Methods for producing tomographic pictures with the aid of a number of X-ray sources arranged with an angular offset on a gantry are fundamentally generally known, the person skilled in the art also being aware here of the problem of the scattered radiation occurring owing to the plurality of X-ray tubes being used simultaneously. At present there are two basically different variants for compensating or correcting this intensively occurring scattered radiation, specifically on the one hand by using a phantom to estimate the scattered radiation occurring either by measurement or by calculation and subsequently correcting the detector data with the scattered radiation values during the actual scanning. On the other hand, it is also known to measure the scattered radiation by various measures during the actual measurement on the actual examination object, and to undertake appropriate corrections.

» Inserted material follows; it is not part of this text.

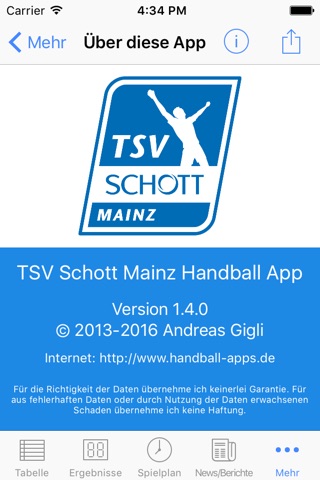 TSV Schott Mainz Handball screenshot 4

In the first mentioned variant, the use of a phantom, the problem keeps arising that the measurements on the phantom, can reproduce the reality only approximately, and thus that any exact data relating to the scattered radiation can scarcely be available. It is also respectively to be considered here that the bearing of the examination object, that is to say generally a patient, with phantom conditions can be undertaken exactly only with difficulty, or it is also possible that a patient is wearing prostheses or implants that lead more intensely to scattered radiation that, of course, are not present in a generally valid phantom.
There are also fundamental attempts to obtain information with reference to the scattered radiation present during the actual scanning of the patient with the aid of a number of focus/detector systems. However, there is a problem here that there is additionally generally a need to use a relatively high radiation dose, since it is scarcely possible to carry out a rapid change in the dose rate of the X-ray tubes used without changing the acceleration voltage, and thus measurements required briefly during scanning are carried out exclusively with a single tube, as a rule with a full dose rate. A relatively high dose rate is thereby used for measuring the scattered radiation.